The original crash message was

[    3.933317] init[1]: segfault at 55a72a57e000 ip 00007f7054ab9cd7 sp 00007ffc3134f298 error 6 in libc.so.6[7f7054a28000+175000] likely on CPU 0 (core 0, socket 0)

- Address 55a72a57e000 was what PID 1 tried to access.
- The instruction was at virtual address 0x00007f7054ab9cd7.
- The stack pointer is now irrelevant.
- libc had been mapped into the process starting at virtual address 0x7f7054a28000, for length 0x175000.
- Therefore the offset into libc (at which the offending instruction was) was 0x00007f7054ab9cd7-0x7f7054a28000=0x91CD7.

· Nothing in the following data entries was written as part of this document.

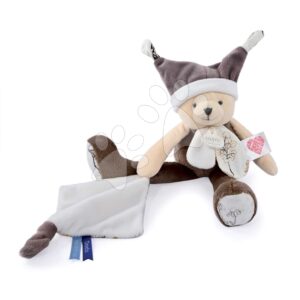 Plyšový medvídek s hadříkem Plush Bear Taupe Doudou et Compagnie s QR kódem na pohádky hnědý 35 cm od 0 měsíců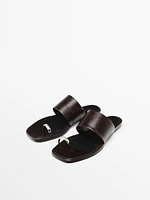 Leather flat slider sandals with ring detail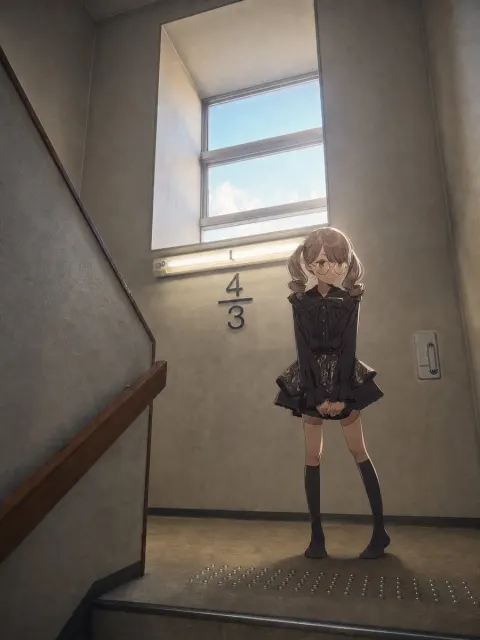 Anime Girl Stairwell Composite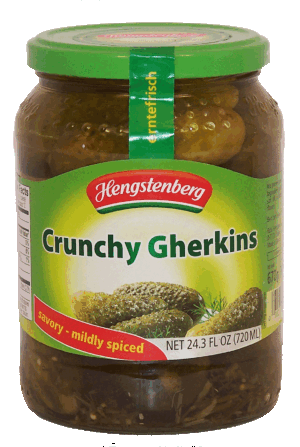 Hengstenberg crunchy gherkins, savory - mildly spiced 24.3 fluid ounce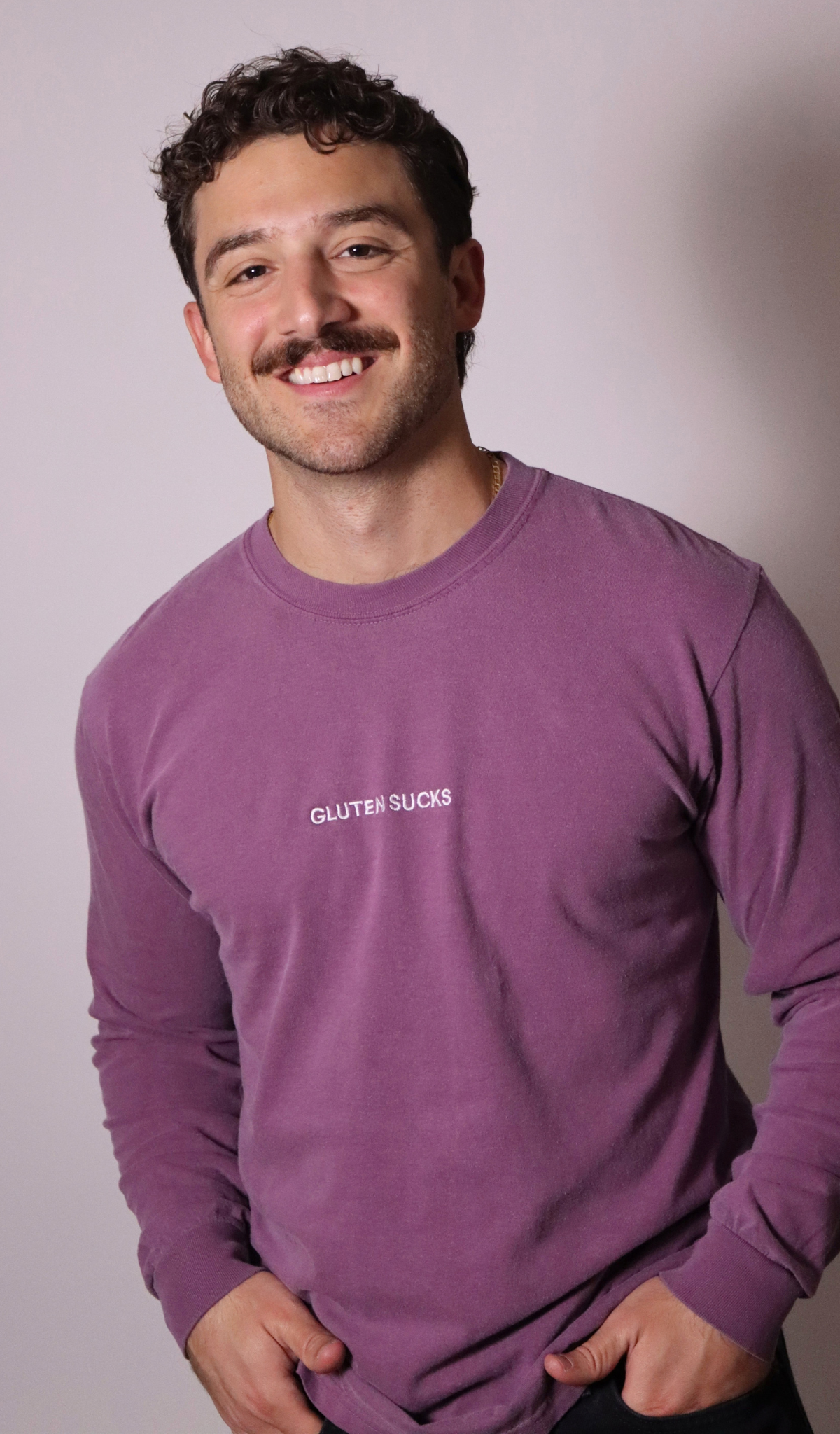 PRE-ORDER | "gluten sucks" embroidered long sleeve tee - berry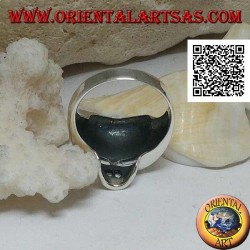 Bague en argent lisse en forme de crâne sans mâchoire, dents et nez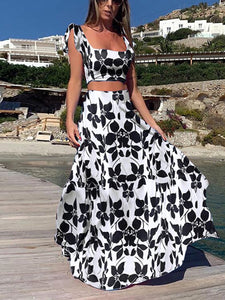 Women Bohemian Sexy Print Sleeveless Skirt Two Piece Set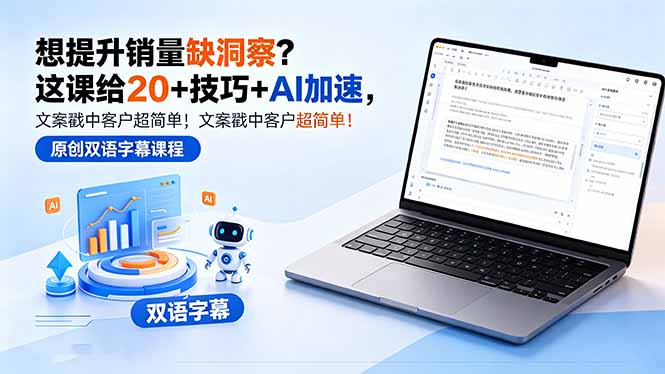 （18408期）想提升销量缺洞察？这课给 20 + 技巧 + AI 加速，文案戳中客户超简单！【原创双语字幕】网赚项目-副业赚钱-互联网创业-资源整合行知网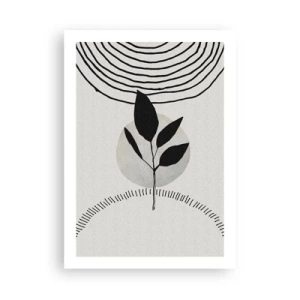 Poster - Illustrazione minimalista di foglie con motivi geometrici - 50x70cm - Composizione: i rituali della natura - Decorazione murale moderna per soggiorno e camera da letto ARTTOR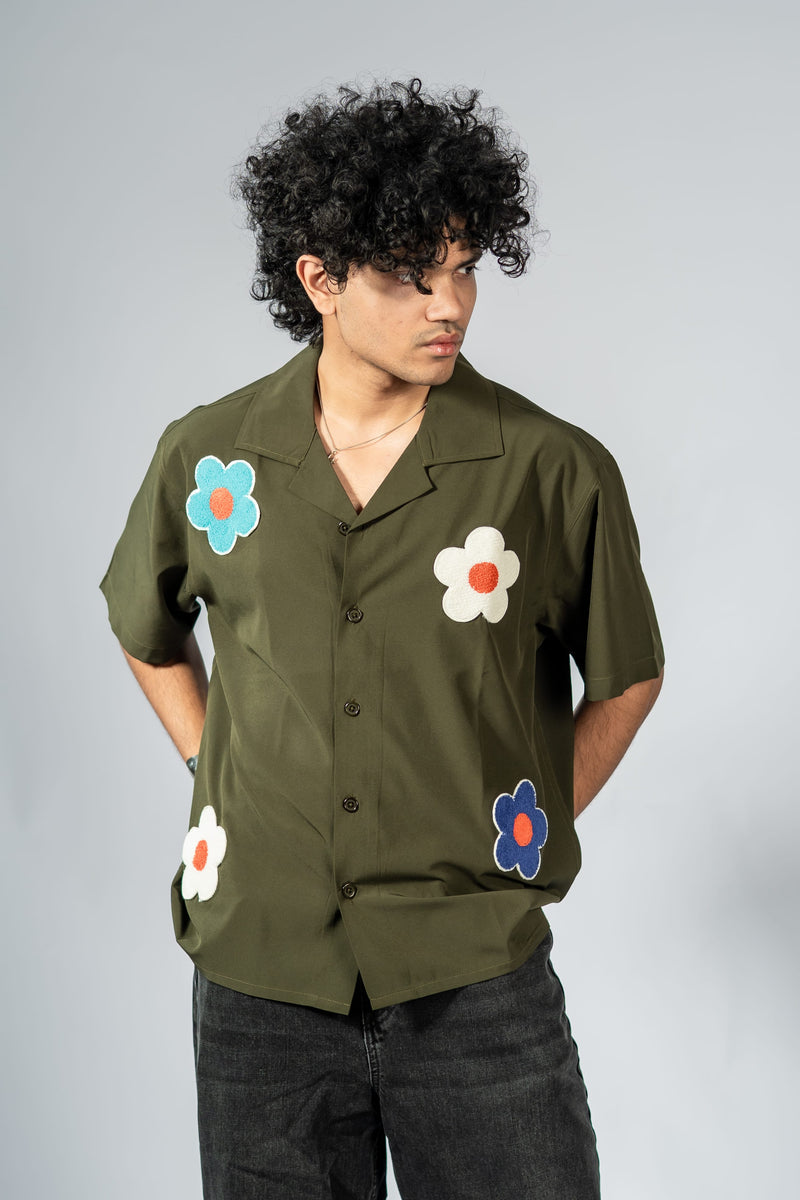 Mad Koffee Shirts Offbeat Patch Shirt - Olive
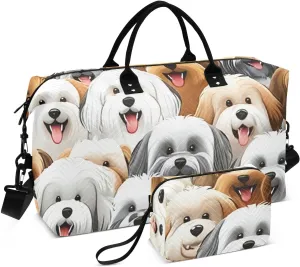 Happy Havanese Dog Beige Sports Gym Bag for Women Men Travel Duffel Bag Weekend Overnight Carry on Bag with Toiletry Bag Training Handbag for Plane Hospital Swimming Yoga Workout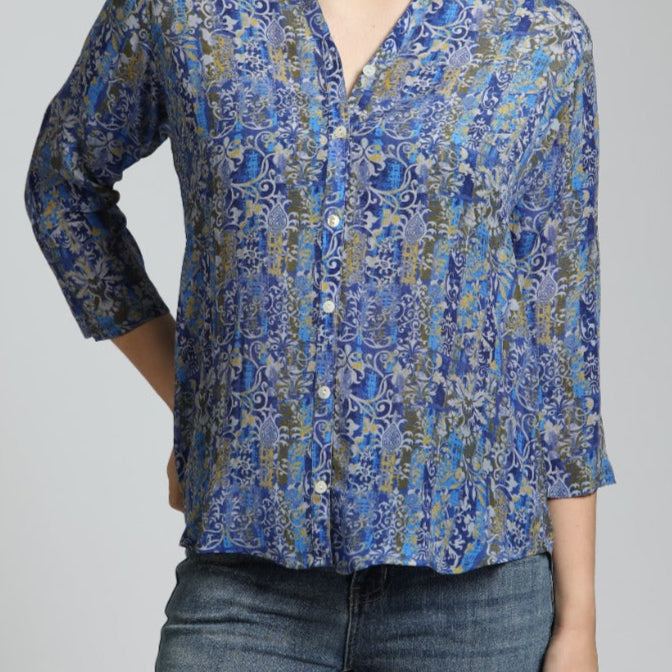 3/4 Sleeve Mandarin Collar Button-up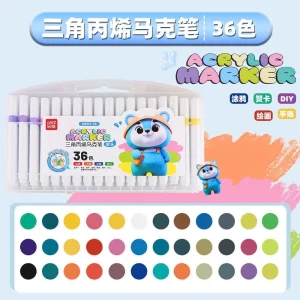 Bút Dạ / Bút Lông Màu Acylic/ Bút Màu Acrylic Marker - 36 Màu Thân TAM GIÁC, Chống Nước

However, from the libc disassembly, that offset does not point to bytes "c5 7d e7 b7 40 30 00" (aka "vmovntdq %ymm14,0x3040(%rdi)").

The first occurrence of that byte string / instruction is as offset 0xb9cd7, in function __memcpy_avx_unaligned_erms. Note that the page-relative offset is the same!

0xb9cd7 - 0x91CD7 = 0x28000

This means that my calculation, based on the dmesg, was off by 0x28 = 40 (decimal) pages. And I don't understand why.

Should I have offset the difference 0x91CD7 by some VMA or LMA, from the "objdump --headers" output? (E.g. the .text section?)

Comment 20 Paolo Bonzini 2023-05-04 12:39:17 UTC
> This means that my calculation, based on the dmesg, was off by 0x28 = 40 (decimal) pages. And I don't understand why.

> Should I have offset the difference 0x91CD7 by some VMA or LMA, from the "objdump --headers" output? (E.g. the .text section?)

Yes, probably. It also doesn't seem to be a coincidence that the bottom bits of the address are 0x28000.

(By the way thanks for identifying the glibc bug. This kind of issue where the emulator code is legit but the OS code doesn't take weird cpuid into account is one of the worst).